Nato must show it is serious about defending its eastern flank
Would Vladimir Putin send Russian troops into one of the Baltic states, knowing this would trigger a direct war with Nato? There is no room for complacency; until Russian tanks rolled across Ukraine’s borders on February 24, that too seemed unthinkable. EU and G7 summits in the past few days have committed to stepping up support to Ukraine — which on Monday suffered a horrific missile attack on a shopping centre in Kremenchuk — and to tightening sanctions that have sapped Russia’s economy and put it on course for its first debt default since 1998. Tuesday’s Nato summit in Madrid is a moment for the alliance to demonstrate that it comprehends the magnitude of the threat from the Kremlin — and is ready and equipped to defend against any Russian attempt to go beyond Ukraine and attack Nato’s eastern flank.
Estonia’s prime minister Kaja Kallas warned last week her country would be “wiped off the map” under existing Nato plans that would allow the Baltic republics to be overrun in any Russian invasion, before liberating them after 180 days.

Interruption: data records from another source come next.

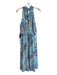 Adriana Papell Size 8 Blue & Multi Polyester Tie Halter Floral Print Midi Dress Blue & Multi / 8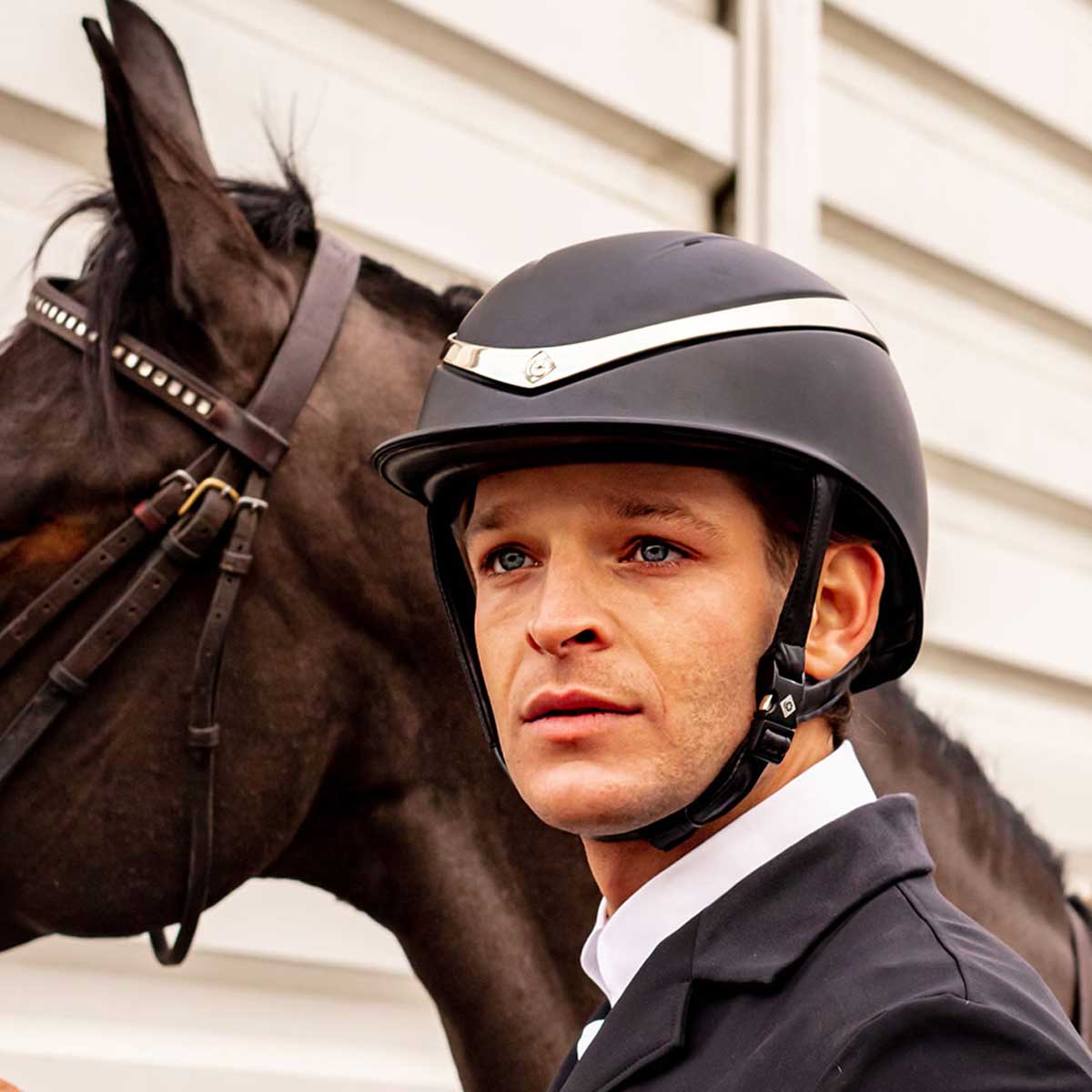 CHARLES OWEN Halo Riding Hat - Matt Black & Platinum Charles Owen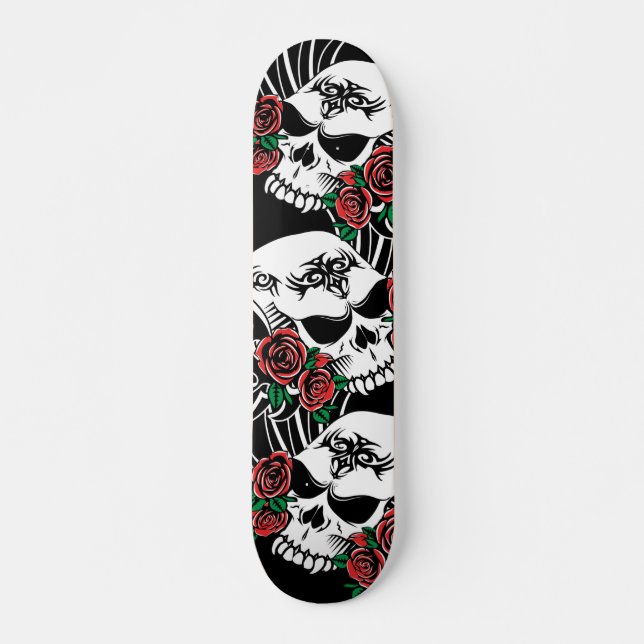 Skateboard Calavera tribal con Rosas (Anverso )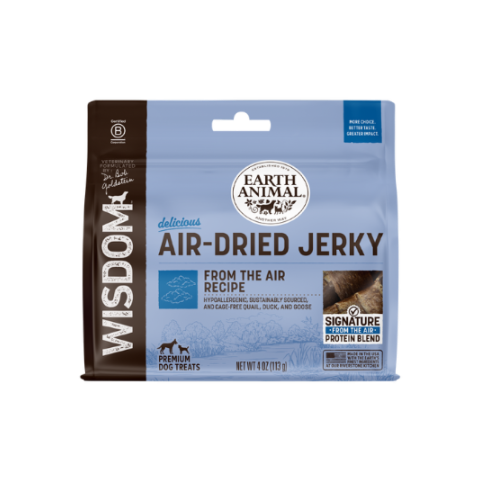 Earth Animal Air-Dried Jerky package for dogs on a white background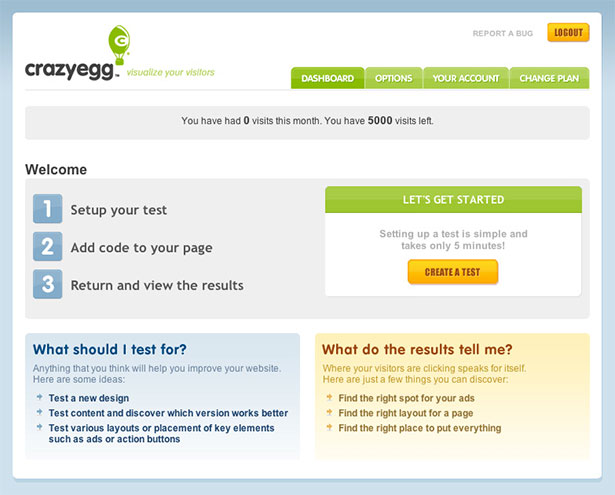 Showcase of Great Web App Interfaces CrazyEgg App Interface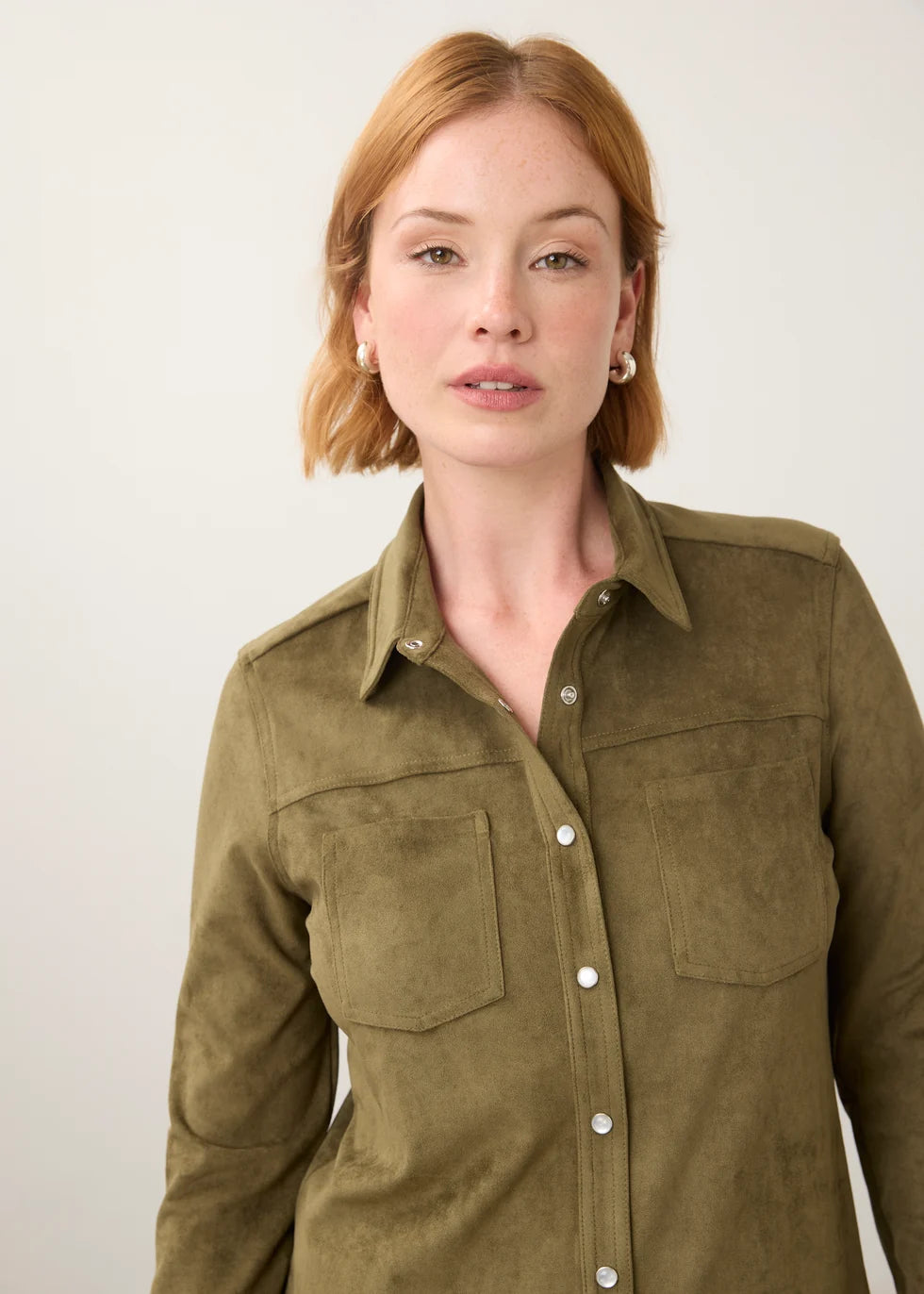 FDJ Faux Suede Button-Up Shirt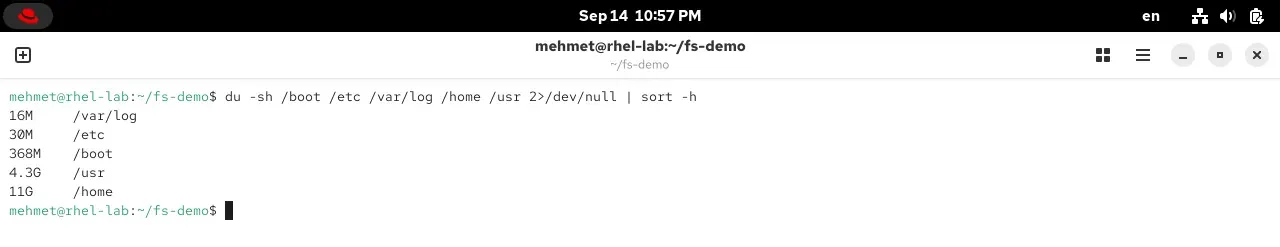 RHEL 10.2 terminalinde du -sh ile klasör boyutları, sort -h ile sıralı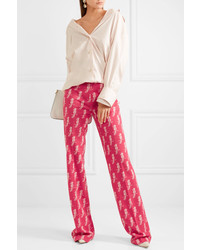 Miu Miu Jacquard Knit Wool Blend Flared Pants Pink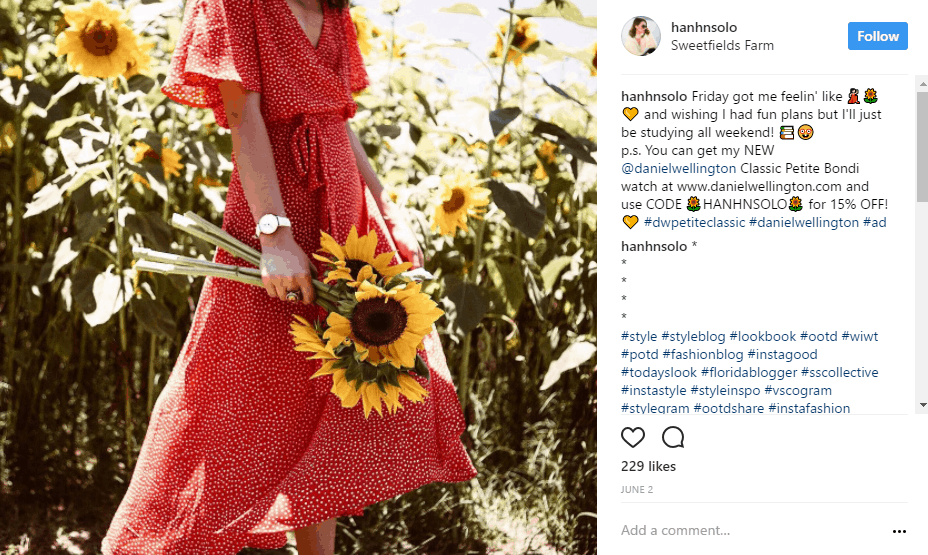Instagram influencer marketing- branded hashtag example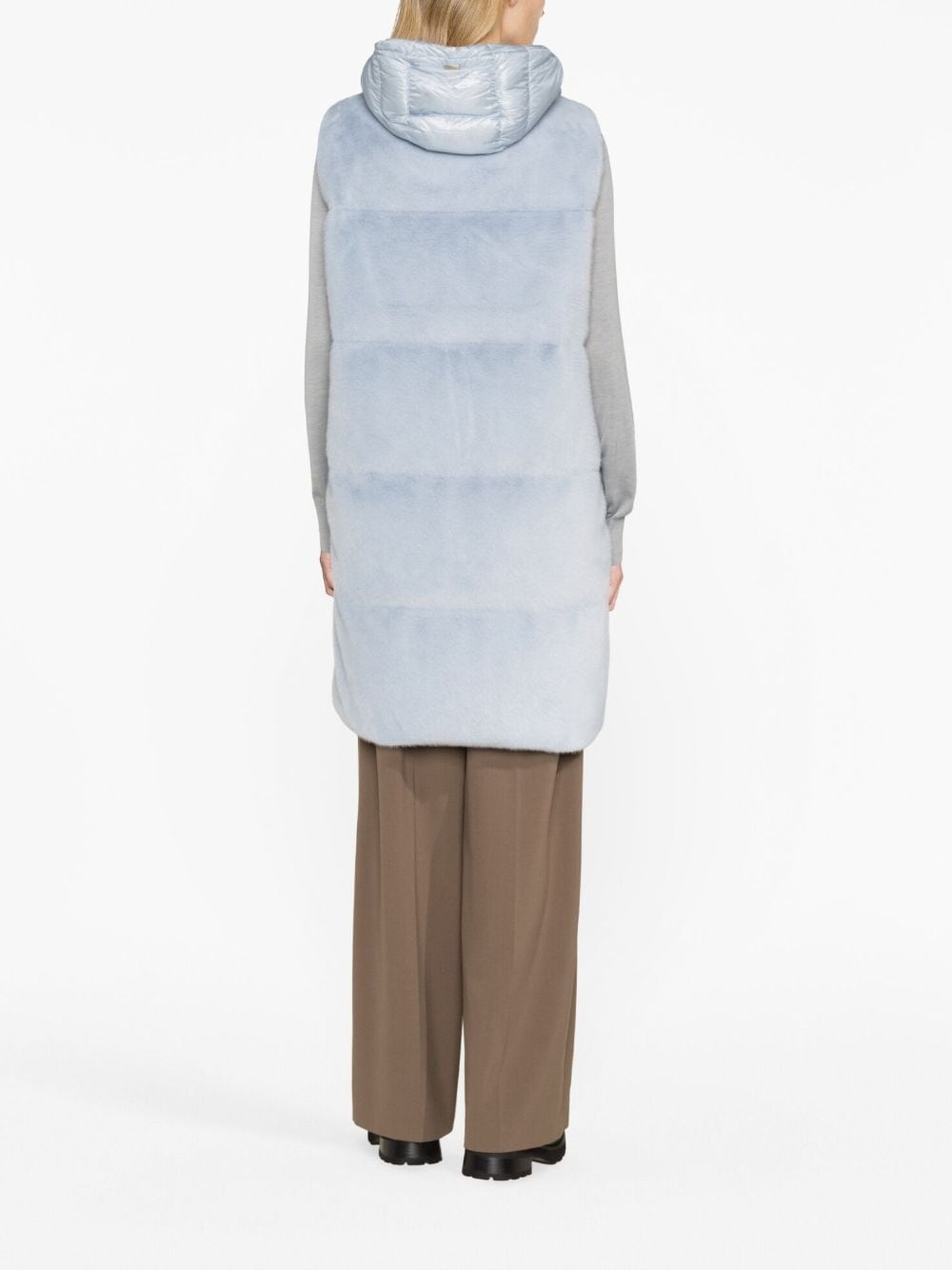 zip-up faux-fur hooded gilet - 3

Even as she spoke, Moscow was threatening “serious negative” consequences to nearby Lithuania after it barred rail transfer of some goods to the Russian exclave of Kaliningrad — though Vilnius said it was merely applying EU sanctions.
Brussels has attempted to calm the tensions. But the incident underlined the sensitivity of the three Baltic states, occupied by the Soviet Union for half a century — and of the Suwałki Gap, the Polish-Lithuanian border strip between Kaliningrad and Belarus, which, if seized by Russia, could cut off the Baltics from Nato.
Plans to be endorsed by Nato in Madrid go less far than Kallas would have liked. They are pivotal nonetheless. The alliance is rightly moving from a “tripwire” concept, under which Nato stationed about 1,000 foreign troops in each country to deter invasion, to a focus on a full and rapid defence of allied territory. Nato will put several thousand troops in each Baltic state, and expand its rapid reaction force from 40,000 to 300,000, ready to start deploying to specific eastern locations — where they will have trained and completed exercises — within hours of an attack. More heavy weapons, logistics and command-and-control assets will be pre-positioned.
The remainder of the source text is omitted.